» **DATASET EXCERPT**:
# # # # #

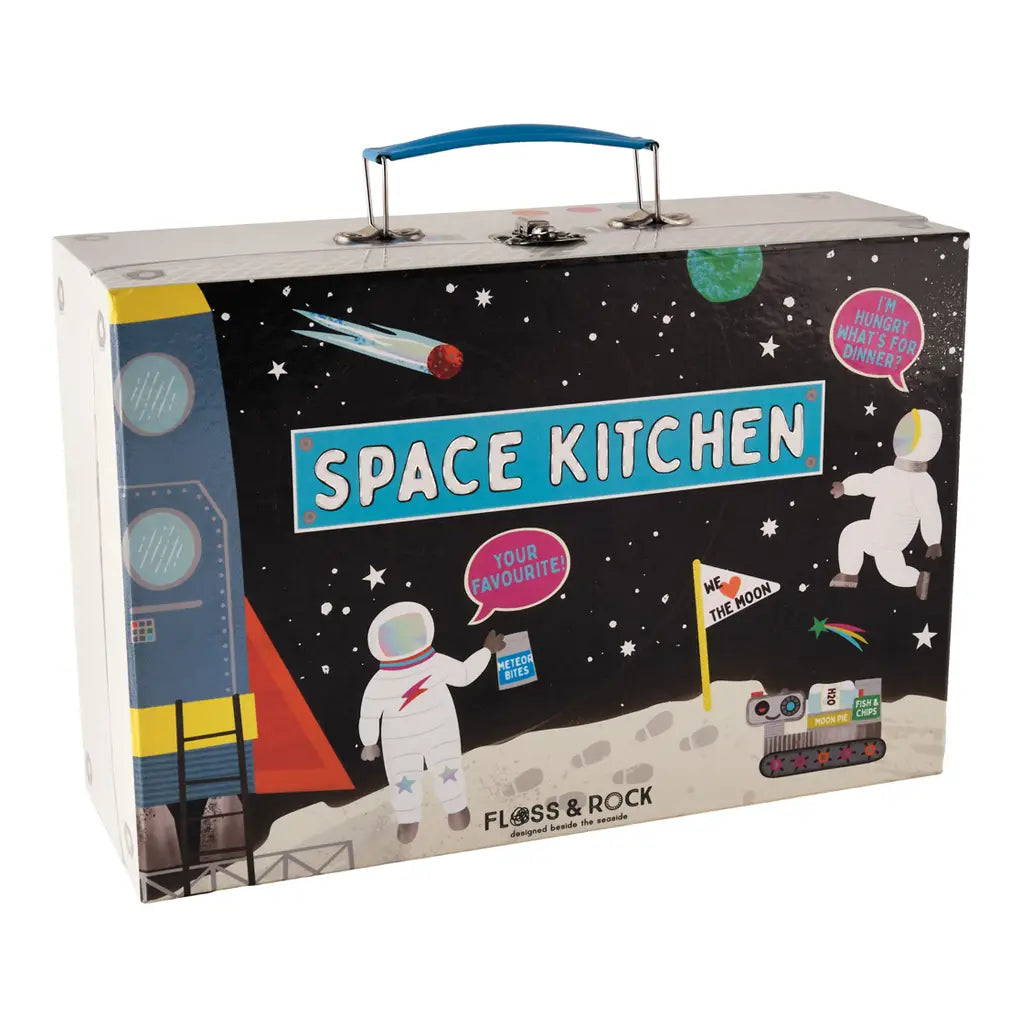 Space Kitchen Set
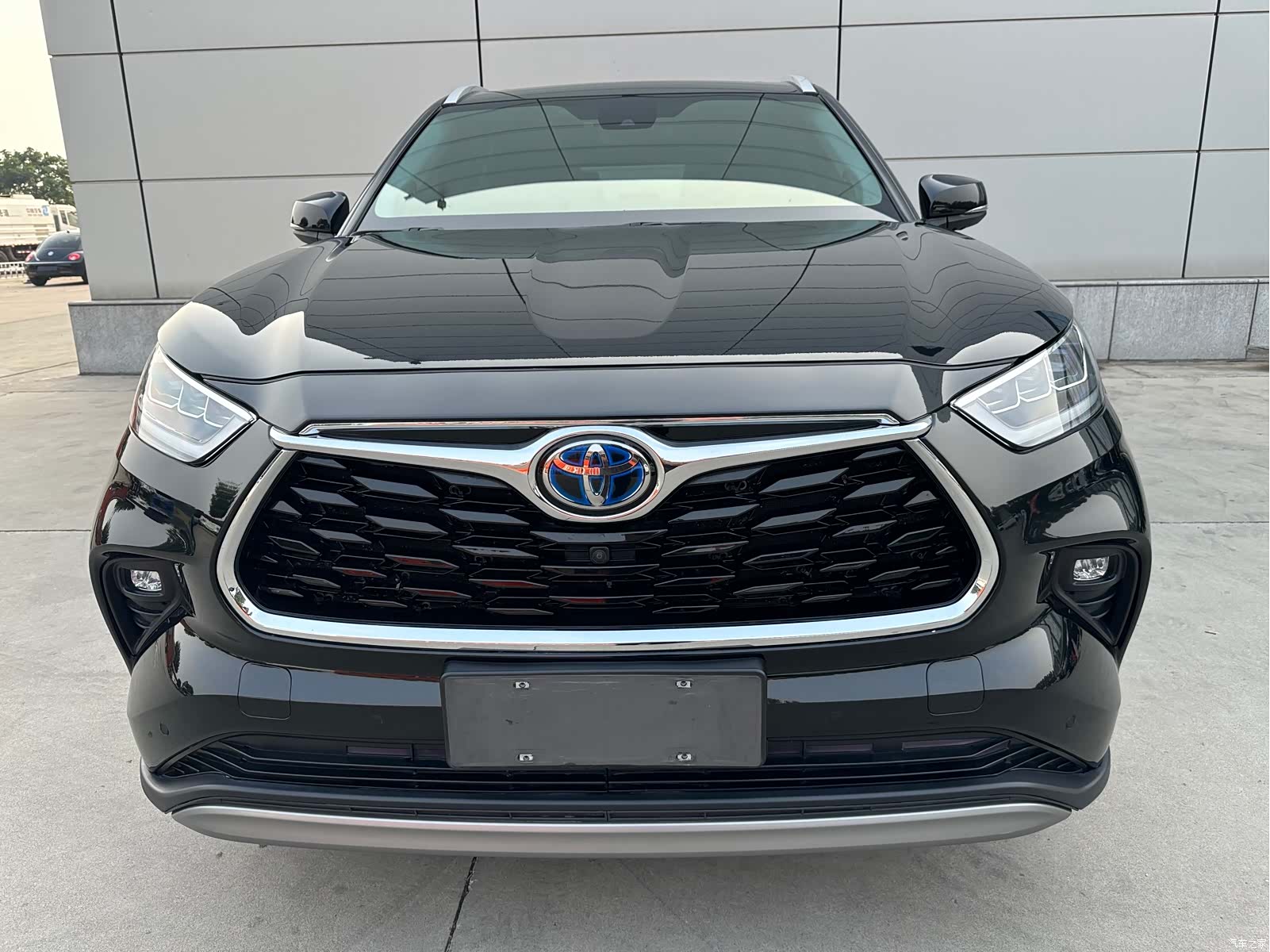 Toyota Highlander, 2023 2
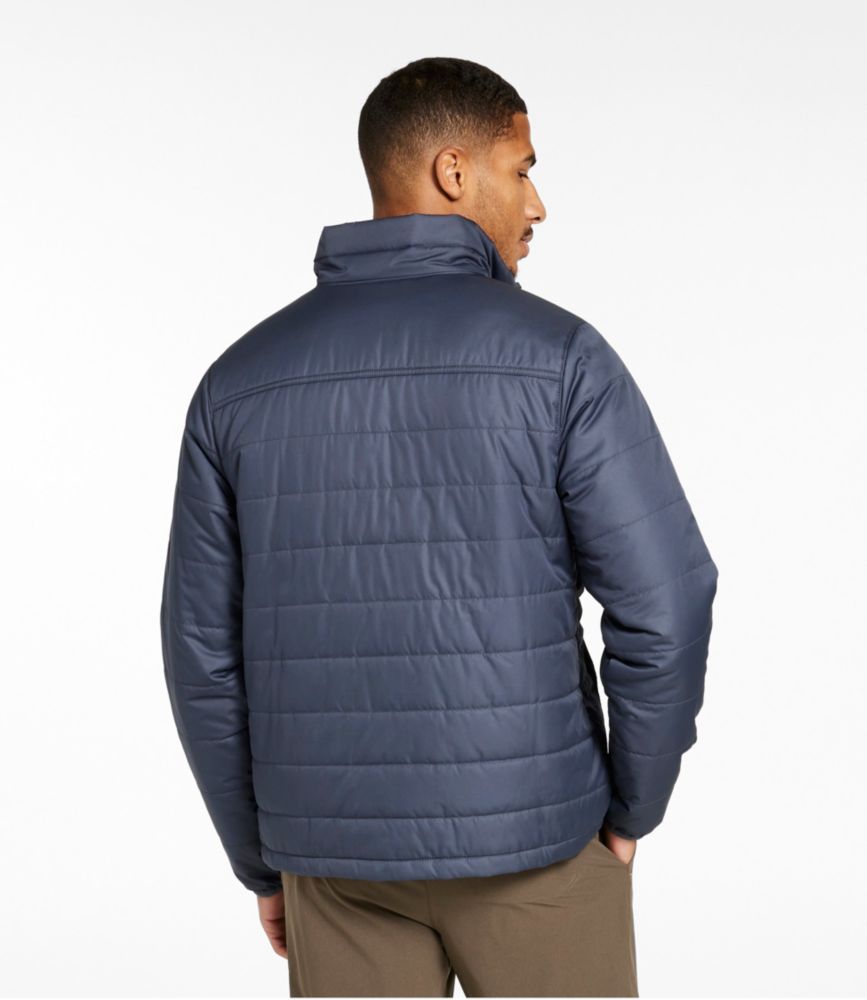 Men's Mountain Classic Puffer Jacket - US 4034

# # # # #

» **WORK REQUIRED**: Please transcribe exactly the lines from the one containing "Toyota Highlander, 2023 2" through the final line of the data, including both, and nothing else. Pictures are to be left out.

» **SOLUTION TO THIS TASK**:
 Toyota Highlander, 2023 2
 Men's Mountain Classic Puffer Jacket - US 4034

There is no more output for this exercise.